The first article of our PDF Optimization In-depth Series is available here.

The PDF format is interactive.

During the release cycle of a PDF document, different people will use tools such as forms, annotations, attachments, and more.
Archived PDF documents generally do not have the same use as those in circulation in a collaborative context. The set of data generated by the interactivity instruments will no longer be useful once the document is archived.

Even if the document is pending, it may be interesting to optimize it before distribution. The reasons are, for example, not to exceed the size limit of the attached files on some platforms or to speed up the opening from mobiles or tablets.

Deleting content deemed unnecessary

The most obvious approach here is to remove the interactive content that is not required by the audience of the document.
At the same, once the document is archived, it may not be useful at all to keep some data from a file. The best candidates for such a lossless optimization are:

  • File attachments – attached files definitively increase the file size. Removal of those not relevant for viewing does not affect the document’s content.
  • Bookmarks, hyperlinks – these elements are convenient and allow easy navigation, but they are not essential to view the PDF file correctly.
  • Annotations, form fields, JavaScript actions – the contents of such elements, which aren’t in use anymore, can be deleted from the document.
  • Page thumbnails – thumbnails images, when stored inside the document, enable faster navigation. But they are still rendered in real-time after removal.
  • Metadata – these can sometimes be very bulky as they also include any type of data like photos, files, and more. Here you should be more careful. Metadata may contain information useful for indexing the document if necessary.
  • Color profiles – it is the content intended for the printing chain used by the printers.
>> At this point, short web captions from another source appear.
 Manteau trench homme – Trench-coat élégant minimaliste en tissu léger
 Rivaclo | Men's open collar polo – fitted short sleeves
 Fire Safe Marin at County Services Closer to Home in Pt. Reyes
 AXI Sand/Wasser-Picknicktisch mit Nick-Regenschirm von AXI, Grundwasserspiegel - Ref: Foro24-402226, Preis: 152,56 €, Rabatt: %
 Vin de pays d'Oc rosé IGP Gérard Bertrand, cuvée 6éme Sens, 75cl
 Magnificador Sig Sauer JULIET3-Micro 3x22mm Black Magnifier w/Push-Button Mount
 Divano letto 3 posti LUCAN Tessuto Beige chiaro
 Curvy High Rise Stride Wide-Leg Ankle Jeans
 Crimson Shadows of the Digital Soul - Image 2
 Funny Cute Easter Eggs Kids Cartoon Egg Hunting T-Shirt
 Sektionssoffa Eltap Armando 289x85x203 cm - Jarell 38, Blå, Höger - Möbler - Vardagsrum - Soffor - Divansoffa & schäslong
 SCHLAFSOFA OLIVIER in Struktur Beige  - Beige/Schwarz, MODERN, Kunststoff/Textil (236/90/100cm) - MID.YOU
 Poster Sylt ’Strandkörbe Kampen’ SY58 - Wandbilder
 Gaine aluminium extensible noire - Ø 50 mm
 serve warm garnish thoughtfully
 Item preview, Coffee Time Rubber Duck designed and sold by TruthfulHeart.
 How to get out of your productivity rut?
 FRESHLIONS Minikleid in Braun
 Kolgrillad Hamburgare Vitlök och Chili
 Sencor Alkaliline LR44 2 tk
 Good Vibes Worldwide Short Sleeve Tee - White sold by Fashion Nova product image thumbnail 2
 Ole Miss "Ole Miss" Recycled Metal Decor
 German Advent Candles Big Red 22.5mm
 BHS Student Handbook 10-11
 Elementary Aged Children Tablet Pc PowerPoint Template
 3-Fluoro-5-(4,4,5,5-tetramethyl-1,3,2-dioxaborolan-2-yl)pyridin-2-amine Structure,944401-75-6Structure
You can select which content you will remove depending on your needs.
These options are independent of each other.
With the GdPicturePDFReducer class, it is easy and straightforward.

Deleting unused objects and unused content

Version 1.4 of the PDF specification introduces support for incremental updates.
It is a method for saving new updates to a PDF document without completely rewriting it. The content of a document is updating gradually without the need to regenerate existing data. The changes are added to the end of the file, leaving the original content unaltered.